① a disciplined control of the desire to avoid
② wasted efforts and resources in establishing
③ ambitious attempts to get independent of and free from
④ a traditional approach of matching slogans and mottos with
⑤ an unquestioned acceptance of and extreme conformity to




30. The most obvious salient feature of moral agents is a
capacity for rational thought. This is an uncontested necessary
condition for any form of moral agency, since we all
accept that people who are incapable of reasoned thought
cannot be held morally responsible for their actions.
However, if we move beyond this uncontroversial salient
feature of moral agents, then the most salient feature of
actual flesh-and-blood (as opposed to ridiculously idealized)
individual moral agents is surely the fact that every moral
agent __________________________________ every moral
problem situation. That is, there is no one-size-fits-all answer
to the question “What are the basic ways in which moral
agents wish to affect others?” Rather, moral agents wish to
affect ‘others’ in different ways depending upon who these
‘others’ are.
① brings multiple perspectives to bear on
② seeks an uncontroversial cure-all solution to
③ follows the inevitable fate of becoming idealized in
④ comes with prejudices when assessing the features of
⑤ sacrifices moral values to avoid being held responsible for

3 comments:

brent said...

Do you have the link to the test?

Is there anything missing from the first question #28? It doesn't end with a period.

a passer by said...

@brent

http://www.kice.re.kr/ko/download.do?attach_id=18382

try the 1.4mb one.

gwern said...

The first question strikes me as bogus & meaningless; the author is saying things, but no sense comes through.

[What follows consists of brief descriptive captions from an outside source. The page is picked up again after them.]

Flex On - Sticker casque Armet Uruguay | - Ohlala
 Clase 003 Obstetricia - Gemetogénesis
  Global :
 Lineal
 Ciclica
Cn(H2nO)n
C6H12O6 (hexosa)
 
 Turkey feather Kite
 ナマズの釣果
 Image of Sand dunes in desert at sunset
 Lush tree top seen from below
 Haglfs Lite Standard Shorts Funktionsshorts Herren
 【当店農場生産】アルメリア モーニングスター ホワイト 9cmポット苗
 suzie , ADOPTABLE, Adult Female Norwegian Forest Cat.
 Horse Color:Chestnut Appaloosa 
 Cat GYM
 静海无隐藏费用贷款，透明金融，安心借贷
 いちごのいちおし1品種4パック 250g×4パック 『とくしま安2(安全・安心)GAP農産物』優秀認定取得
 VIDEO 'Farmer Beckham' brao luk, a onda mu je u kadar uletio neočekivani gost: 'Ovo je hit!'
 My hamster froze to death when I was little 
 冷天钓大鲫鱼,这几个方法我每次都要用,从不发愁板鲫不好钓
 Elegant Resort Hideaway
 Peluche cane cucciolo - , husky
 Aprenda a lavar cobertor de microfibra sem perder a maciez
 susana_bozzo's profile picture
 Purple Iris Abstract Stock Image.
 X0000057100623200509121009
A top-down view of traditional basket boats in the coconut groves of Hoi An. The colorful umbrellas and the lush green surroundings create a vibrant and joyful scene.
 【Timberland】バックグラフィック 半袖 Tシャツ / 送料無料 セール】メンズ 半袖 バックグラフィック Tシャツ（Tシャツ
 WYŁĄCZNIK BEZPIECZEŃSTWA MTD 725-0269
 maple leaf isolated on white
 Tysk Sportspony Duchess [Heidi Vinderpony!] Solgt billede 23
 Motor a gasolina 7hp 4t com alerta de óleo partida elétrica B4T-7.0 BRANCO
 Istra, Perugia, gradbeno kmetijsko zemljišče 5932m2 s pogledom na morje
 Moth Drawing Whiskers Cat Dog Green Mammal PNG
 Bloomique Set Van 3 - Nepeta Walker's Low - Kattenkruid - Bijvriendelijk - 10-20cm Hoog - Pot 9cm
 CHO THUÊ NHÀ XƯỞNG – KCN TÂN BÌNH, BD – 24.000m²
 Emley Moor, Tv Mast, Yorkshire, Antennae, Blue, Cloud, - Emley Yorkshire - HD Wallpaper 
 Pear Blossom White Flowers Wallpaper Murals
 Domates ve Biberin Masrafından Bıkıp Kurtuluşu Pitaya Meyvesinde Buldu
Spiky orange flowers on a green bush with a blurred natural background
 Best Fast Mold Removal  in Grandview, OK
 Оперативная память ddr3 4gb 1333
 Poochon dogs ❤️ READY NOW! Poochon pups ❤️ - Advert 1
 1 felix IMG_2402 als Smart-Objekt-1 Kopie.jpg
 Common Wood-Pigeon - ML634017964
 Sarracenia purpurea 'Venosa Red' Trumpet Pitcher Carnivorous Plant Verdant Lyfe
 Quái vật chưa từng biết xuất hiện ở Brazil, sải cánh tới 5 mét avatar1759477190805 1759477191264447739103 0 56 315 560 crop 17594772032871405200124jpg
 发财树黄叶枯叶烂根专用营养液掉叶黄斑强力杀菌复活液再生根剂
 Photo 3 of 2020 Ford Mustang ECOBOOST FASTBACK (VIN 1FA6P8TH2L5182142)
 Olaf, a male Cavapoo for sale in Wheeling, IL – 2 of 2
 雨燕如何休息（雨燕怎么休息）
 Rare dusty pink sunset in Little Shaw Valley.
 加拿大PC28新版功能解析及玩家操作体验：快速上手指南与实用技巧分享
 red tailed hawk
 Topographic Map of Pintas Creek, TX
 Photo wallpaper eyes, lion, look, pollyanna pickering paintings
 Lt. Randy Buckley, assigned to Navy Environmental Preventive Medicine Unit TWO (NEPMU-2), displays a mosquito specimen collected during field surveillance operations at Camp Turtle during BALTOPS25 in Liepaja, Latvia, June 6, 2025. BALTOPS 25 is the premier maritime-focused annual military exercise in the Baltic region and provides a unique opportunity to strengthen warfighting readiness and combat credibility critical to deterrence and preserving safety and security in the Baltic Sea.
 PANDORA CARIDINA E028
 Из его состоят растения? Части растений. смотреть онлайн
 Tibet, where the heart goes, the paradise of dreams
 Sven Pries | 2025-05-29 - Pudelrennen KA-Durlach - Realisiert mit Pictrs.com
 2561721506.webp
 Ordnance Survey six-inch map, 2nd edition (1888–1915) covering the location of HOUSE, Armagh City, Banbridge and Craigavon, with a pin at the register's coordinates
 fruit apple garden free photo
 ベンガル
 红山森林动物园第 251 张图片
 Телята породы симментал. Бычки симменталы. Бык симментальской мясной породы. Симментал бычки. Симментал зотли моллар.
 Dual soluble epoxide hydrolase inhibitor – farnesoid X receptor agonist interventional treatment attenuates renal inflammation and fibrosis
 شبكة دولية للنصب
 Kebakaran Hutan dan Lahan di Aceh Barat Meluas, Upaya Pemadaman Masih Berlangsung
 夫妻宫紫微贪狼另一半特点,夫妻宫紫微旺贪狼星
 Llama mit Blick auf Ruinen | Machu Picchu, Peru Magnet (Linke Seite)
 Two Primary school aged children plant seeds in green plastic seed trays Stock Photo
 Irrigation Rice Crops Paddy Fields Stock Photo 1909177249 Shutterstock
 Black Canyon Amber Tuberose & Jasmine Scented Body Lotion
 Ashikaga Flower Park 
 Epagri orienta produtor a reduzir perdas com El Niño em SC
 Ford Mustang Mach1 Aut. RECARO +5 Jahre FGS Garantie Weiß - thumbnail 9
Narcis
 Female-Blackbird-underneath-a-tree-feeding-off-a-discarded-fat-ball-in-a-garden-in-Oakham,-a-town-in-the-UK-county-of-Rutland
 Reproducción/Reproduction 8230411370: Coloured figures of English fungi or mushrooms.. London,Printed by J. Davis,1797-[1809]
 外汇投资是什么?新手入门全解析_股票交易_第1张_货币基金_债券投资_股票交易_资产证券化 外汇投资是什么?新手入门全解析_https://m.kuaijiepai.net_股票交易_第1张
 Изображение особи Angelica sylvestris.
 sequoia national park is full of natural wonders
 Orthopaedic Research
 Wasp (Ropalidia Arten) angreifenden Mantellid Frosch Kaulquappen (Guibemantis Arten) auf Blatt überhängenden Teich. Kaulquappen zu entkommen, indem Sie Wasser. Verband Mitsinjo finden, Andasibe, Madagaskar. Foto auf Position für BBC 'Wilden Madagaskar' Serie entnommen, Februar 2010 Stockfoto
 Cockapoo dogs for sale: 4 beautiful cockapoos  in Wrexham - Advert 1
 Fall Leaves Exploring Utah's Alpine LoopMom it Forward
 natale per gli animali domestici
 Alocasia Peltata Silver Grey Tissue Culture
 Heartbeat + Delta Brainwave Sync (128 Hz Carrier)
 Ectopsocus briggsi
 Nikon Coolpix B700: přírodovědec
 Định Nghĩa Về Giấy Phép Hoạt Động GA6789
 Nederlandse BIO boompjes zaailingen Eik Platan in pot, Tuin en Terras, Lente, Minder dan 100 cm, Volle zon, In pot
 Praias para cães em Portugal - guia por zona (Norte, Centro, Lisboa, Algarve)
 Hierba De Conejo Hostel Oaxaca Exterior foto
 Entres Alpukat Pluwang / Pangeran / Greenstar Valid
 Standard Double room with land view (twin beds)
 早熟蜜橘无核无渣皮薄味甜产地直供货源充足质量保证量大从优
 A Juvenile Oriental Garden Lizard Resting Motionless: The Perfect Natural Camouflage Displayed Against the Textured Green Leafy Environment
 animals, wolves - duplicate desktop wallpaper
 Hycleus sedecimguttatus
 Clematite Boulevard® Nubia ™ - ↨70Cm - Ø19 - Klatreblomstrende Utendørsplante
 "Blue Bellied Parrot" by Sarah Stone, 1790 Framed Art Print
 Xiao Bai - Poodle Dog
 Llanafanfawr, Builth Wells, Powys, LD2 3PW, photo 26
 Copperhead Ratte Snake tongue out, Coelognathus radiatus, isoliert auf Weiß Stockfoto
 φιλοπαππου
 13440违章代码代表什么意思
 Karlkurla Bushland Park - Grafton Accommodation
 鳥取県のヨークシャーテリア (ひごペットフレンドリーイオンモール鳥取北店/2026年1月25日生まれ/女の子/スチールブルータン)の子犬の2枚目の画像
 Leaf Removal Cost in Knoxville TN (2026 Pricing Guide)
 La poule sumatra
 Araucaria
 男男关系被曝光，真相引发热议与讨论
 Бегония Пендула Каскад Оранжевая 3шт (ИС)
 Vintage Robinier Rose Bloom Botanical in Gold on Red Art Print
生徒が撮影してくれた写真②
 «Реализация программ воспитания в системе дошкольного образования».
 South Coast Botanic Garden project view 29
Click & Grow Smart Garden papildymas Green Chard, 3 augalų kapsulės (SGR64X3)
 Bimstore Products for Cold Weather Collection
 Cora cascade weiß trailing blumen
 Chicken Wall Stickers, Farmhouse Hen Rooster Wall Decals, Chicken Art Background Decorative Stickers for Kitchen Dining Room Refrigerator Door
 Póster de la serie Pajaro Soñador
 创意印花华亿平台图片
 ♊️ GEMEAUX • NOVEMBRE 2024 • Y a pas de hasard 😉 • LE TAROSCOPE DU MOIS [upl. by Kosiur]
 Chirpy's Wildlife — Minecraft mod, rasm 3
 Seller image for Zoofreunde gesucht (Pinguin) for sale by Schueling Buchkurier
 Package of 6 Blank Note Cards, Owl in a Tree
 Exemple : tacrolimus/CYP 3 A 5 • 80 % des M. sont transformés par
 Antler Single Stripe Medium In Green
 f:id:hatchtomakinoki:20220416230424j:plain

But it is an interesting topic. The explanation that first occurs to me is that the test isn't intended to measure accurately the skills of 95% of the test-takers, but is intended only to discriminate among the remaining few percent who are practically fluent - leading to these comically tough questions.

This makes sense to me given what I hear about admissions to the top universities like Seoul National.

(It would be as if you were looking through high schoolers for the genius prodigies, but everyone has to take the test; so you just give everyone the GRE, knowing that most will be totally outclassed and their scores will be very random with equally smart kids getting scores hundreds of points apart, and take a look only at the kids who score past 1500.)